Not all parasites are amenable to genetic approaches, therefore we need other methods to identify the target of compounds. First, we isolate the total protein from parasites and then allow the total collection of proteins to interact with the compound. We use physical force to break the parasites open and release all the proteins inside, this produces what we call a ‘lysate’.

We can use the lysate in two different experiments to identify their protein targets. One approach is to immobilise the compound, usually on a magnetic bead. The compound is free to interact with all the proteins in the lysate. After enough time, the compound will eventually bump into the target protein and bind.
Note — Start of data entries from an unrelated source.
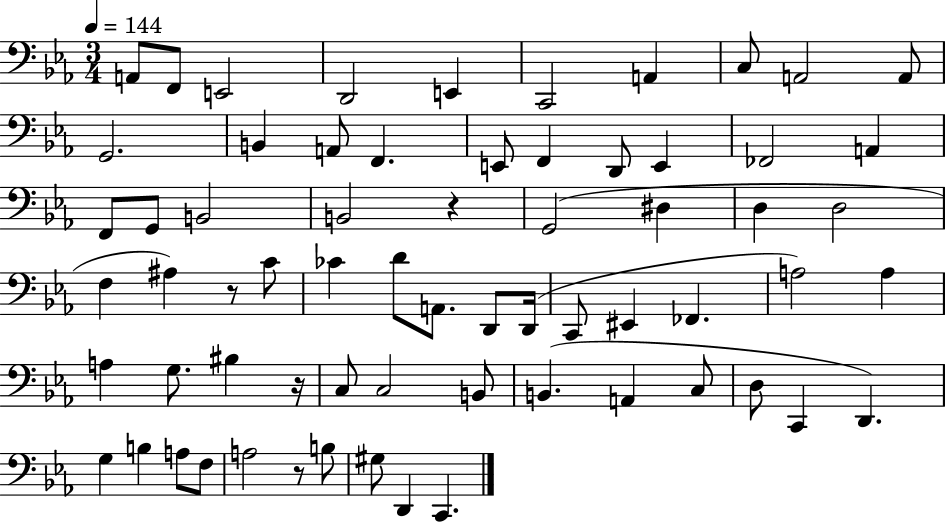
A2/e F2/e E2/h D2/h E2/q C2/h A2/q C3/e A2/h A2/e G2/h. B2/q A2/e F2/q. E2/e F2/q D2/e E2/q FES2/h A2/q F2/e G2/e B2/h B2/h R/q G2/h D#3/q D3/q D3/h F3/q A#3/q R/e C4/e CES4/q D4/e A2/e. D2/e D2/s C2/e EIS2/q FES2/q. A3/h A3/q A3/q G3/e. BIS3/q R/s C3/e C3/h B2/e B2/q. A2/q C3/e D3/e C2/q D2/q. G3/q B3/q A3/e F3/e A3/h R/e B3/e G#3/e D2/q C2/q. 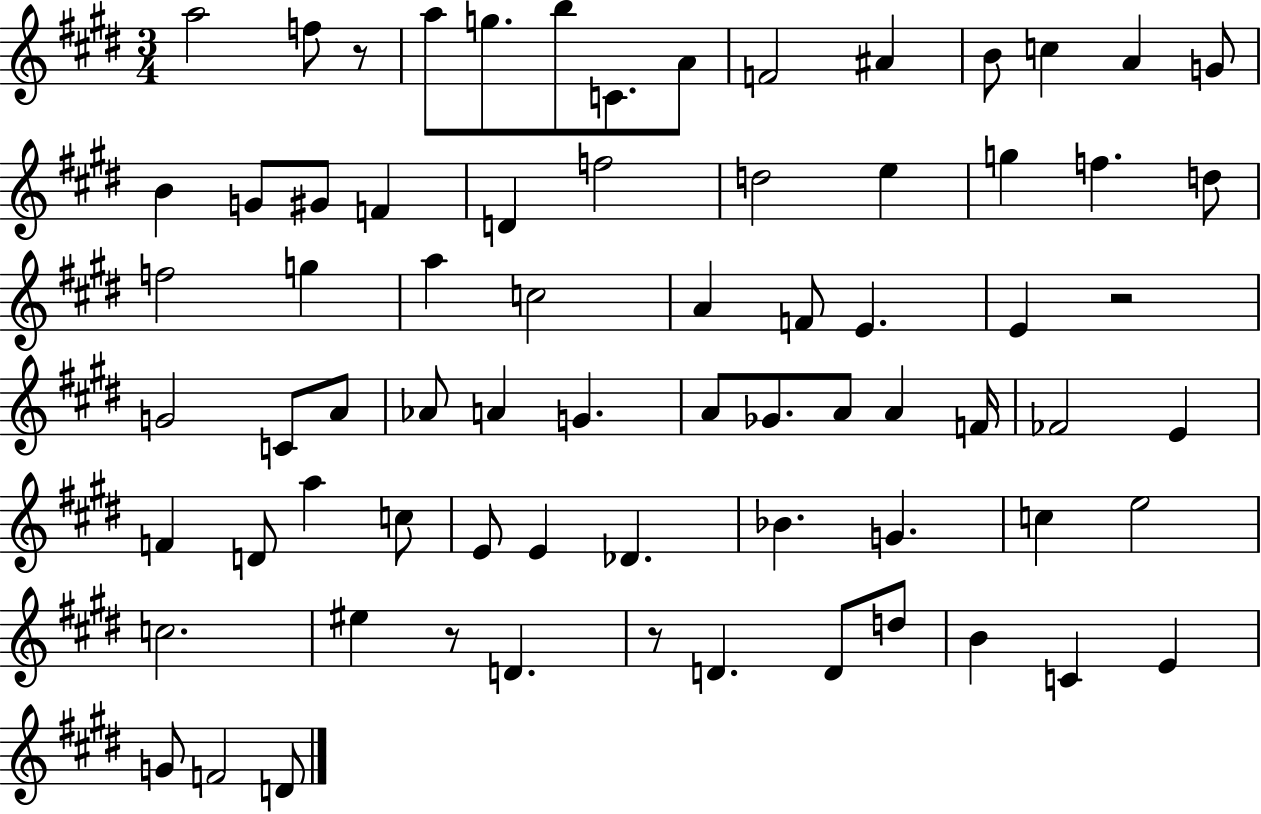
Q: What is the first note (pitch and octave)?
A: A5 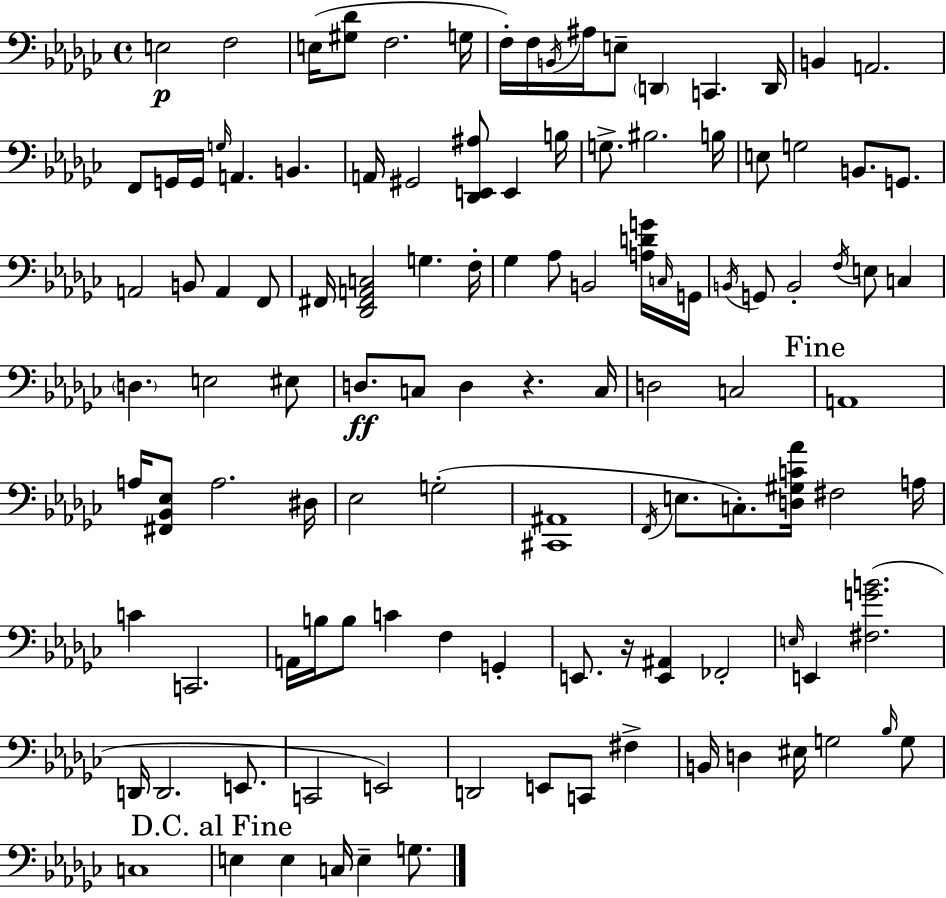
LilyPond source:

{
  \clef bass
  \time 4/4
  \defaultTimeSignature
  \key ees \minor
  \repeat volta 2 { e2\p f2 | e16( <gis des'>8 f2. g16 | f16-.) f16 \acciaccatura { b,16 } ais16 e8-- \parenthesize d,4 c,4. | d,16 b,4 a,2. | \break f,8 g,16 g,16 \grace { g16 } a,4. b,4. | a,16 gis,2 <des, e, ais>8 e,4 | b16 g8.-> bis2. | b16 e8 g2 b,8. g,8. | \break a,2 b,8 a,4 | f,8 fis,16 <des, fis, a, c>2 g4. | f16-. ges4 aes8 b,2 | <a d' g'>16 \grace { c16 } g,16 \acciaccatura { b,16 } g,8 b,2-. \acciaccatura { f16 } e8 | \break c4 \parenthesize d4. e2 | eis8 d8.\ff c8 d4 r4. | c16 d2 c2 | \mark "Fine" a,1 | \break a16 <fis, bes, ees>8 a2. | dis16 ees2 g2-.( | <cis, ais,>1 | \acciaccatura { f,16 } e8. c8.-.) <d gis c' aes'>16 fis2 | \break a16 c'4 c,2. | a,16 b16 b8 c'4 f4 | g,4-. e,8. r16 <e, ais,>4 fes,2-. | \grace { e16 } e,4 <fis g' b'>2.( | \break d,16 d,2. | e,8. c,2 e,2) | d,2 e,8 | c,8 fis4-> b,16 d4 eis16 g2 | \break \grace { bes16 } g8 c1 | \mark "D.C. al Fine" e4 e4 | c16 e4-- g8. } \bar "|."
}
Using a magnet, we can physically pull the compound (via the magnetic bead) out of the lysate with its target protein attached. We call this a ‘pull down’ as we physically separate the compound and its target from the entire lysate. Using mass spectrometry, we can identify which protein is bound to the compound. We do this experiment in combination with ‘Stable Isotope Labeling by Amino acids in Cell Culture’ or SILAC to discriminate between real targets and proteins that bind non-specifically to the compound.

Comparative SILAC proteomic analysis of Trypanosoma brucei bloodstream and procyclic lifecycle stages. Urbaniak MD, Guther ML, Ferguson MA. PLoS One. 2012; 7: e36619.

Sometimes by adding the magnetic bead, we disrupt the ability of the compound to interact with its target protein. In this case we create a lysate and use a ‘Thermal Proteome Profiling’ approach to identify the protein target of the compound. This innovative approach is based on the idea that when a compound binds it target protein, that protein becomes stable at higher temperatures. We incubate the lysate with the compound and split this into several identical test tubes. Then we expose each tube to a different temperature. We use labels called ‘TMTs’ or Tandem Mass Tags to effectively colour-code each tube so we know what temperature it was exposed to. We then combine the samples and analyse them using a mass spectrometer. We can decode which proteins came from which tube based on the colour-coding and predict the identity of the target protein.

Pharmacological validation of N-myristoyltransferase as a drug target in Leishmania donovani. Corpas-Lopez V et al, ACS Infectious Disease. 2019, 51111-122.

Because it is often straightforward to produce a lysate from any parasite, these chemical proteomics approaches described here are a great starting point to identify targets in difficult-to-work with parasites and pathogens.